PsiForecastETS(target_date, values, timeline, [, seasonality][, data_completion][, aggregation][, simulate])

PsiForecastETS() uses exponential smoothing to predict a future value or values in a time series dataset with the option to either detect seasonality in the dataset automatically or pass a seasonality period.  Passing False as the last argument will result in a static forecast.  If True is passed for this argument, a random error will be included in the forecasted points. For more information on performing a time series forecast using these two functions, please see the Analytic Solver User Guide section, “Excel 2016 Forecast Functions" in the chapter, “Getting Results:  Simulation.”

target_date: A data point for which you want the predicted value. A data point may be date/time or numeric. If a target date is given that appears before the start of the timeline in the dataset, PsiForecastETS will return #NUM (i.e. if, in this example, 1940 is passed for X)

values: An Excel range containing the historical values in the given dataset.

timeline: An Excel range containing the time variables in the given dataset.

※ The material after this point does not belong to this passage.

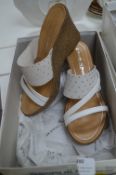 Pair of Sapore Di Mare Italian Ladies Shoes Size:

Both functions require the historical data to be structured using a constant interval between data points. For example, the Airpass example dataset (Help -- Example Models -- Forecasting\Data Mining Examples) presents monthly passenger data, and therefore, the forecast must also predict the number of passengers by month.

seasonality: (Optional) This argument indicates the length of the seasonal pattern. The following values are accepted as valid inputs.  All other values will return a #NUM error. 

0:  Signifies no seasonality exists in the data.  The result is a linear prediction. 

1: (Default Value) Triggers Solver to detect seasonality within the data automatically.  

1 < N < 8,760:  Positive integer values greater than 1 but less will be used as the seasonality period. 

data_completion:   (Optional) This argument specifies  how to handle missing values.  The default value of 1 replaces missing values by interpolation.  If 0 is passed, missing values will be replaced by 0's. 

aggregation:  (Optional)  PsiForecastETS can aggregate multiple points with the same time stamp.  Pass an integer value from 0 to 6 to indicate which method should be used.

0:  (Default)  Average

1:  SUM



4:  MIN

5:  MAX


simulate: (Optional) Pass True or False for the third argument.  Passing False (the default) will result in a static forecast that will only update if a cell passed in the 2nd argument is changed.  If True is passed for this argument, a random error will be included in the forecasted points. 

Note:  This function was introduced to coincide with the Excel 2016 Forecast function, Forecast.ETS. This function computes a forecast using exponential smoothing, similar to the PsiForecast function, but uses different argument lists and also differs in other specific details.  Analytic Solver (starting with V2018) includes support for this function, so you can use it in your models, with one caveat:  If you use this forecast function in an optimization model where the arguments depend on the decision variables, or in a simulation model where the arguments depend on uncertain variables, you may see slightly different calculated forecast values depending on whether the Psi Interpreter or Excel Interpreter is selected in the Task Pane Platform tab.  When the Psi Interpreter is used, a slightly different (but arguably better) methodology is used to compute these forecast functions.  When the Excel Interpreter is selected, Microsoft Excel is used to calculate the worksheet and thus Excel's methodology will be used.